◆ **Activity**:
Could you give back exactly the lines below from the one with "You'll be asked" through the one with "Thank you. Please", without a single picture?

◆ **Supplied entries**:
--
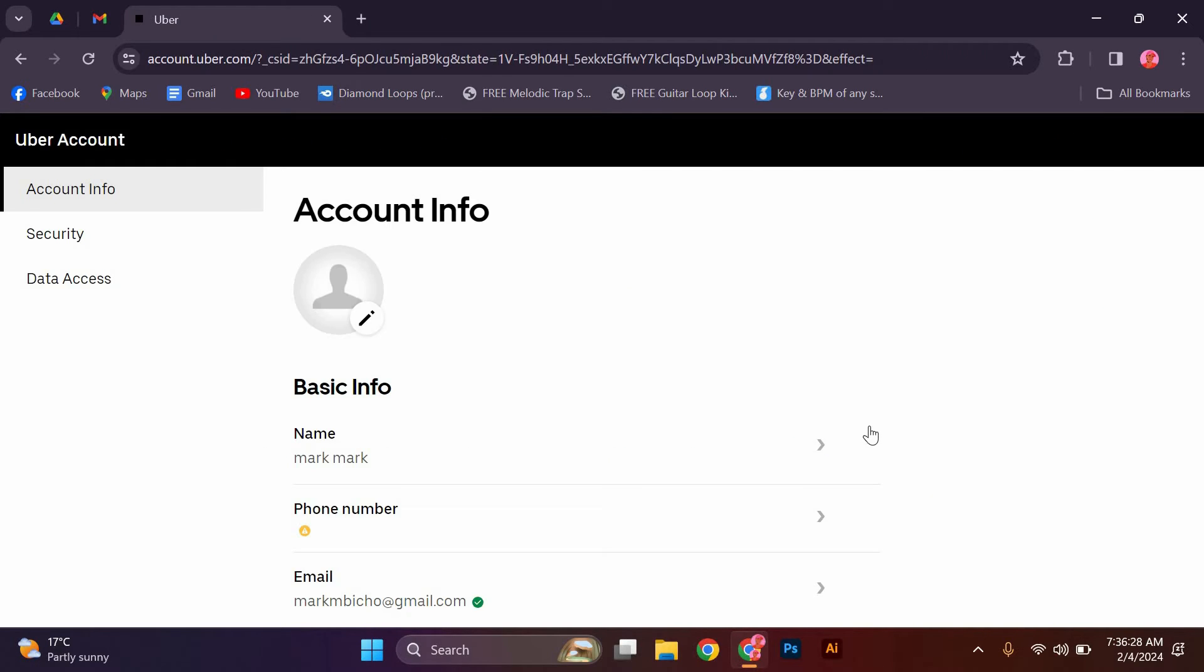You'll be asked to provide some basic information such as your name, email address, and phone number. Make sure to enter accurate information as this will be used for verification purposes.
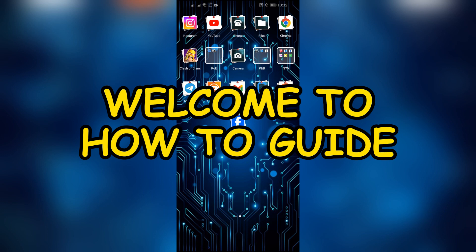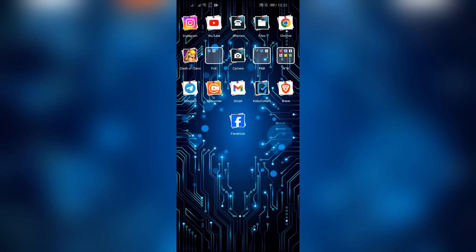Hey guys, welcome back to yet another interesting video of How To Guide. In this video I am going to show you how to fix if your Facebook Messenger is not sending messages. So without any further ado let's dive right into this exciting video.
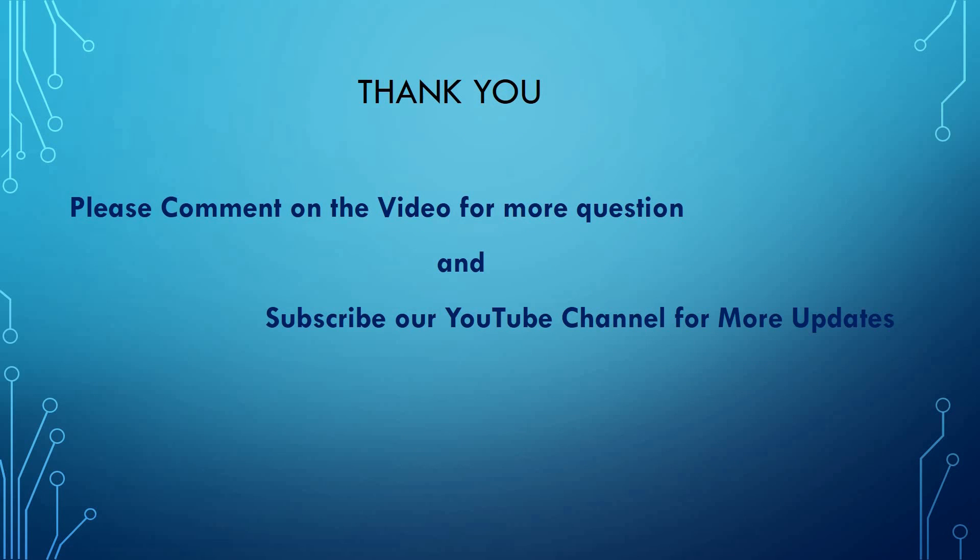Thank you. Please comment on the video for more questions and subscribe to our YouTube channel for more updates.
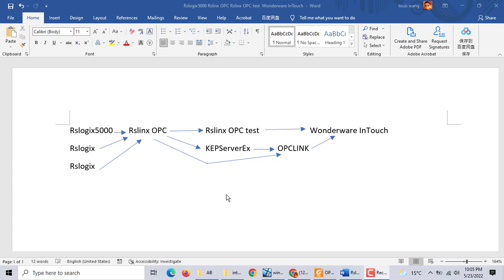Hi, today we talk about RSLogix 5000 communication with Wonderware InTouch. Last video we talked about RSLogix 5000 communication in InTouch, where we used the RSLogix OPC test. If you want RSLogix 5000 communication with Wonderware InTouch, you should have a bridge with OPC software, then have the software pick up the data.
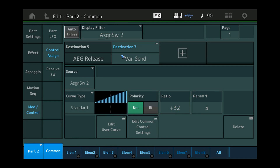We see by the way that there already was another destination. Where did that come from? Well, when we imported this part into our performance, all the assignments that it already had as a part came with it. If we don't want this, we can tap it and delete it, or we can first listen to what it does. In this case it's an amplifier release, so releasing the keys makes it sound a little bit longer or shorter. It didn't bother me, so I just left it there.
--
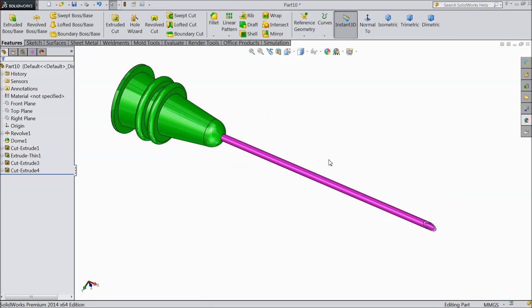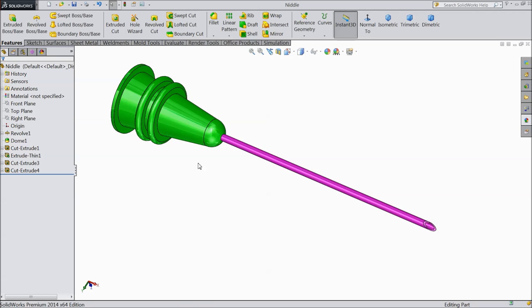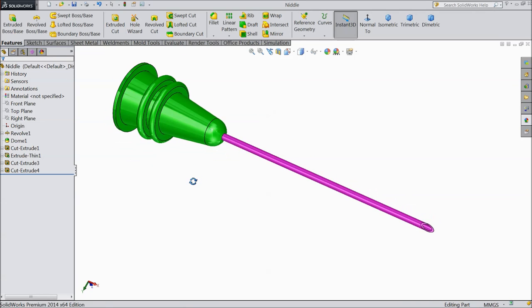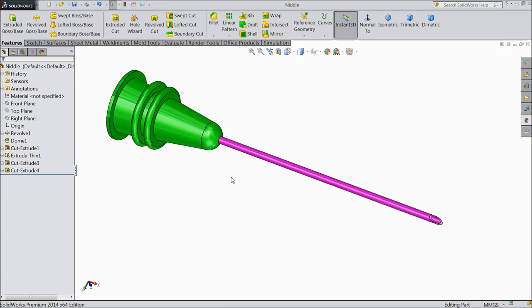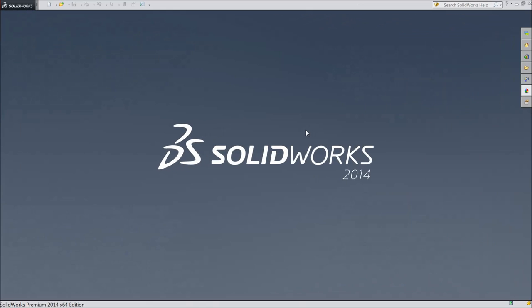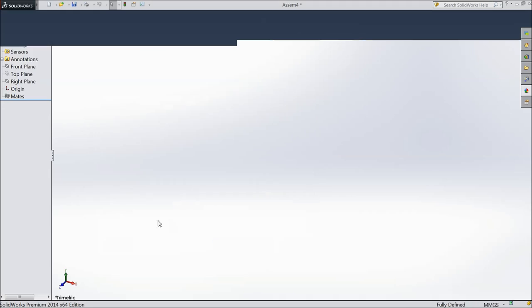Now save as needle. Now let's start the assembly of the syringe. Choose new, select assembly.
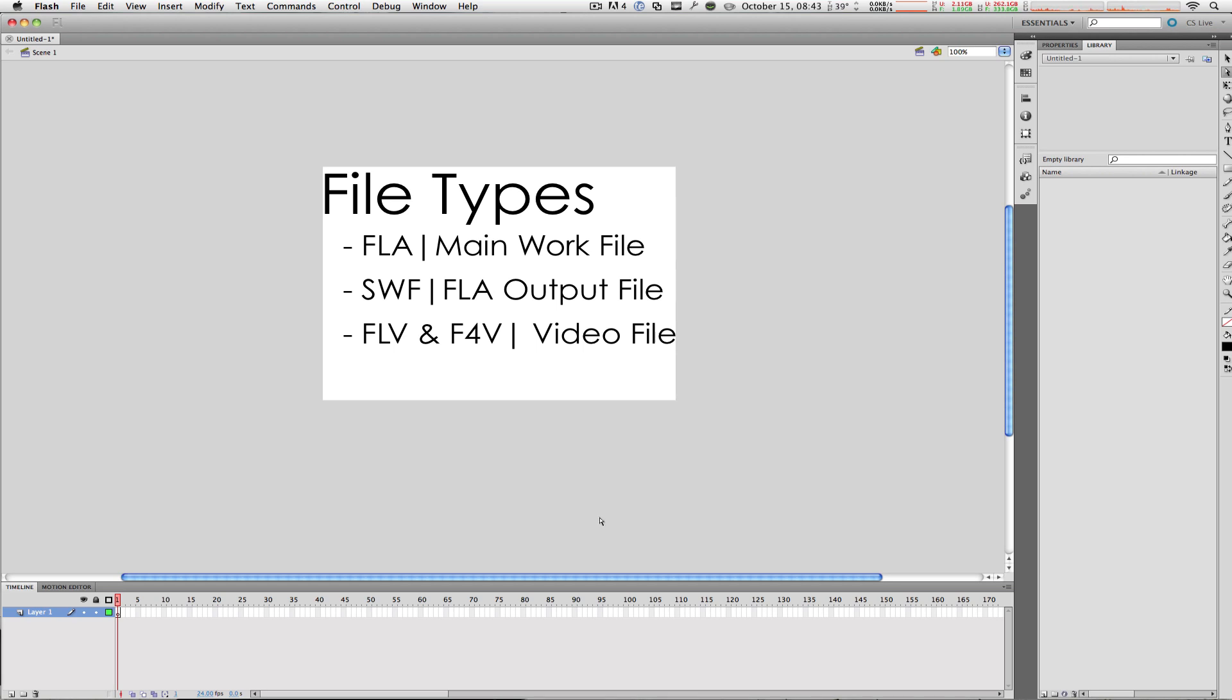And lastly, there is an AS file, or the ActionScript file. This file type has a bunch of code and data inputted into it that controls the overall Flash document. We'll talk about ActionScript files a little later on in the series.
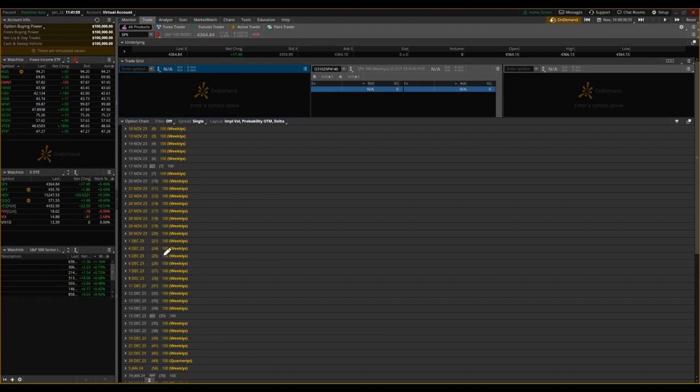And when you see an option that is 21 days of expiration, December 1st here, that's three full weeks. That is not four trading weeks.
--
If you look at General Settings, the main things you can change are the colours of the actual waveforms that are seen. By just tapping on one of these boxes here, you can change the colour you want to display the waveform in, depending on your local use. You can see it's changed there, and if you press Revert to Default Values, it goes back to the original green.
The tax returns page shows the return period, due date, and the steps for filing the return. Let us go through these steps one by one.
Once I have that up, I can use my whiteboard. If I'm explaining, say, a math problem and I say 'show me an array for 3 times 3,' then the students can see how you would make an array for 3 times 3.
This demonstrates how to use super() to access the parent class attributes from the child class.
--
◆ **Task result**:
You'll be asked to provide some basic information such as your name, email address, and phone number. Make sure to enter accurate information as this will be used for verification purposes.
Hey guys, welcome back to yet another interesting video of How To Guide. In this video I am going to show you how to fix if your Facebook Messenger is not sending messages. So without any further ado let's dive right into this exciting video.
Thank you. Please comment on the video for more questions and subscribe to our YouTube channel for more updates.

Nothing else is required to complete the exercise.